The beauty of having both a garden and way too much visual art training manifests itself in many subtle ways, most of them involving dinner. This iteration of inspiration began with the radicchio, arrayed as plump and shiny purple heads in the chicory bed. After a busy day loading frost-leveled detritus into the wheelbarrow for trips to the compost pile, I took stock of what remained: a lot.
I planted the radicchios—including escarole, and frisée, pan di zuccero—in August, and they’re banging right now. I’ll cut a bunch to make pesto for the freezer and leave the rest for eating until the snow comes. Cutting is important; if you leave the roots of these stubborn plants they’ll regrow in early spring with no protection and offer some of the first fresh greens of the new year before they bolt upwards to flower in the climbing sun. I have a particular fondness for chicories because they’re so durable, and because domesticity hasn’t blunted their inherent bitterness. They offer a powerful counterweight to fat and sweet.
Admiring the heads of radicchio and ruminating on their bitter charms, I thought of the plum sauce in the freezer, a sort of hoisin concoction I figured would be integral to many future meals. I made it back in July, and I made a lot: plums from a nearby tree cooked down with maple syrup, vinegar, soy and fish sauces, Thai chilies, and salt and pepper. I ran it through the food mill and froze it in pint jars because I was too lazy to can it. It’s a wicked accompaniment to pâtés and duck and such, and there was a jar open in the fridge from some earlier meal involving something of that gamy ilk. The umami-enhanced sweet and sour of the sauce might be a perfect foil for the chicory, I thought.
Spoiler alert: I was right.
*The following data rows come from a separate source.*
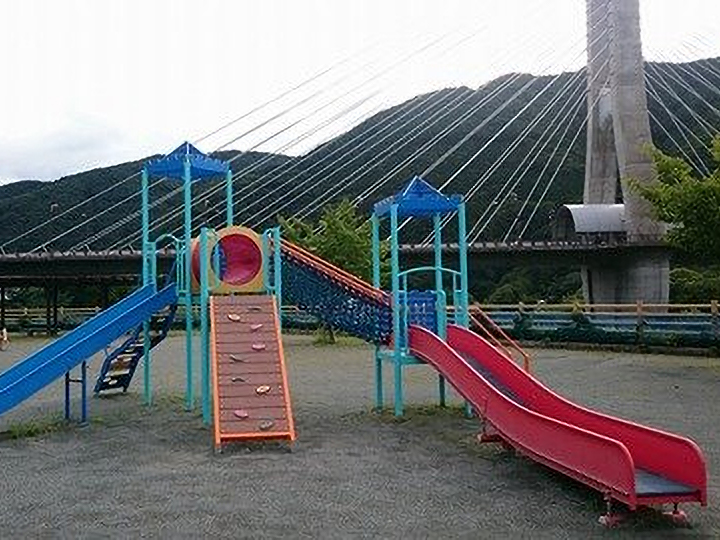 尾瀬大橋公園（橋の下公園）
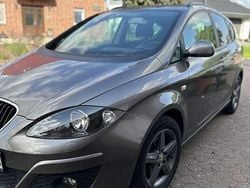 Grau Gebraucht 2015 Seat Altea XL 4You Van / Kleinbus | 6.900 € (Fairer Preis)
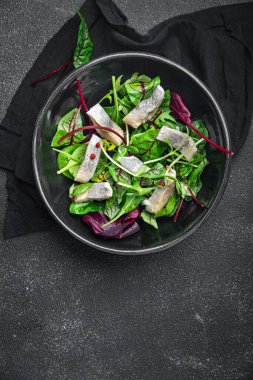 Ringa balığı salatası, deniz ürünleri yeşili marul, taze porsiyon, sağlıklı yemek, diyet aperatifleri fotokopi masasında. Arka planda yer alan kırsal yemek, ya da paleo peskataryan diyeti.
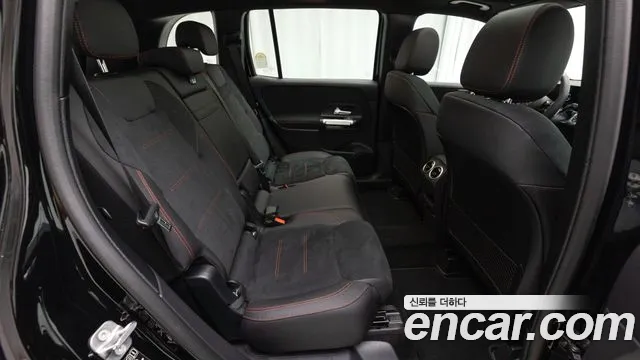 Mercedes-Benz GLB-Class — Фото автомобиля 10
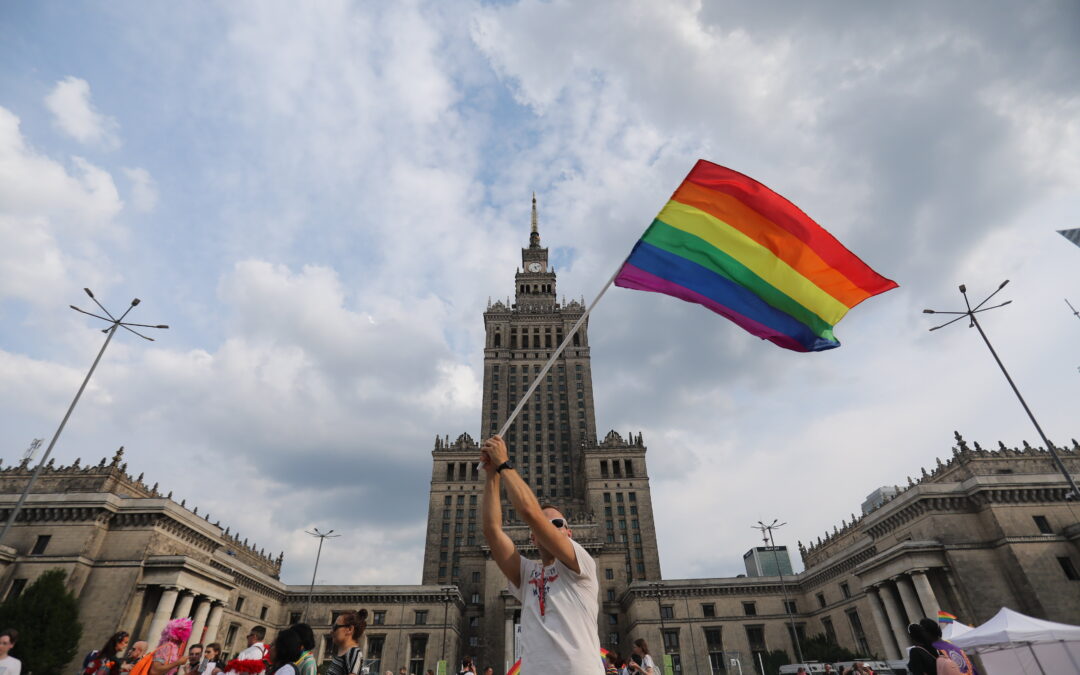 “A bitter victory”: LGBT Poles welcome fall of PiS but remain sceptical of new government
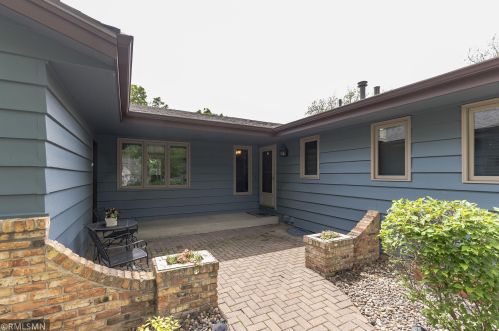 4405 Overlook Dr, Minneapolis, MN 55437-3550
I shredded the radicchio finely, kneaded the chiffonade with a fat pinch of salt to wilt it, and then tossed it in a vinaigrette made from the plum sauce: olive oil and sumac vinegar whisked in along with more black pepper. This resulted in a grownup version of that execrable raspberry balsamic dressing that seemed ubiquitous for a minute a while back. And it set off the bitter, crunchy leaves to great effect. Prince would approve of this salad, I am sure.
The rest of the meal consisted of three beef meatballs, seasoned with minced ramp kimchi and fish sauce, simmered in leftover roasted kabocha soup made with stock from some hot wings from an earlier evening and with turnip greens added for good measure and because they needed using. There was also a branzino, stuffed with garlic, butter, and herbs and cooked en papillote.
I spent most of the summer not interested in cooking, even as I worked in the garden every day and preserved a huge amount of food for the coming winter. Now, as it gets chilly out, I’m highly motivated to make dinner again, and bake bread, and use all of the many pickled, canned, and frozen treats to enhance the fresh vegetables that remain. Though I haven’t written about it yet, the new garden has us pretty well set up to buy no produce other than fruit and an occasional guilty pleasure. Besides a meaningful slice of self-sufficiency, the garden also precipitates vivid combinations that no store can rival.